Appearing before a committee chaired by Liberal MP Tim Wilson, you could forgive Lowe for some sleight of hand in his opening statement. Wilson — that brave tribune of wealthy retirees against the interests of millions of workers and their families — has of late simultaneously managed to attack the RBA for cutting interest rates (hurts his rich seniors mates) while also criticising it for not doing enough to stimulate the economy.

So while the committee mulled over Lowe’s possible turning point, the RBA was preparing its August Statement of Monetary Policy, which showed just how bad the economic landscape around it actually is.

The statement revises forecasts down further across a number of major indicators from the last effort in May. Household consumption growth has been revised down significantly, and won’t reach 2.5% growth until 2021. Unemployment won’t fall below 5% until the end of 2021. The Wage Price Index — we’ll get the June quarter number this week — will still be stuck at the heady heights of 2.4% at the end of 2021, compared to 2.6% in the May statement.

As recently as February, non-farm average earnings per hour was forecast to grow at 3% from late next year; that’s now been revised down to 2.6%. CPI won’t return to the bank’s target band until 2021. Dwelling investment forecasts has also been sharply downgraded in the near-term, but are now tipped to fall less than previously forecast in coming years.

Our terms of trade will also deteriorate sharply, but that’s to be expected given the dramatic ramp-up beyond forecasts of commodity prices this year. And the bank expects GDP growth to return to 3% by mid-2021 — an upward revision. Though let’s not forget it was only last November that the bank was confidently predicting growth above 3% all the way through the coming years, before dramatically lowering forecasts in the wake of rotten GDP numbers in the first two quarters of 2018-19.

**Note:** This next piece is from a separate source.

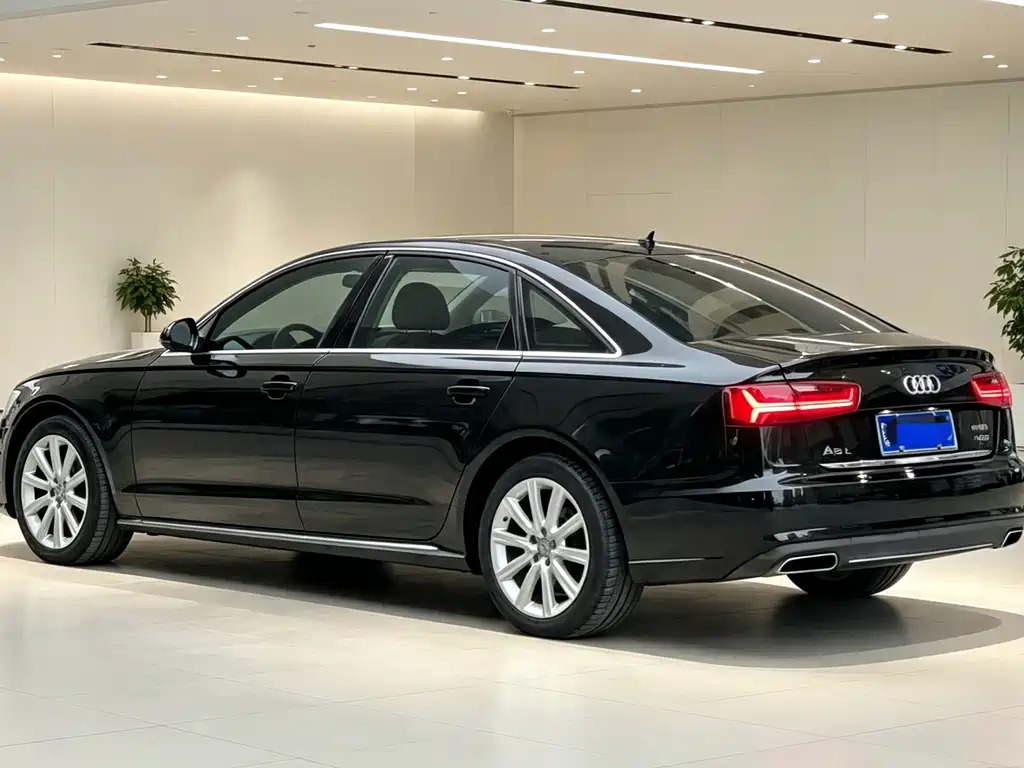 Audi A6L — фото 8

All up, it’s probably the weakest forecast since the financial crisis. Moreover, “domestically, the near-term risks to growth are more to the downside”, the RBA warns.

Some leading indicators suggest that employment growth could moderate by more than forecast, which could lead to lower than expected growth in household incomes and consumption. Conditions in the earlier stages of residential development remain weak, which raises the risk that dwelling investment will decline by more than currently forecast.

At the heart of all this is weak wage growth — something Lowe addressed in his opening statement. “Upward pressure on wages growth over the next couple of years is likely to be only quite modest,” he said. What he didn’t add was that the RBA is now forecasting declining growth in real wages: WPI minus CPI will be 0.6% this calendar year, o.4% in 2020 and 0.3% in 2021.

This is the government’s deliberate strategy of wage stagnation in action, when it actually has one very easy lever to lift wages growth.

“Caps on wages growth in public sectors right across the country are another factor contributing to the subdued wage outcomes,” Lowe said. “At the aggregate level, my view is that a further pick-up in wages growth is both affordable and desirable.”

Real wages growth declining from its already negligible level means more pressure on household incomes, spending and debt. No wonder the 10 year bond yield — the best market guide to future moves on inflation and growth — fell under the 1% RBA cash rate to end the week at 0.95%, the lowest on record (again).

A 23 point fall in bonds yields in a week is a big signal from markets that they are increasingly worried that Australia could stumble into a recession in the next year or so.

If it happens, it will have been one engineered by a government that has facilitated wage stagnation for what, by the end of 2021, will be more than eight years.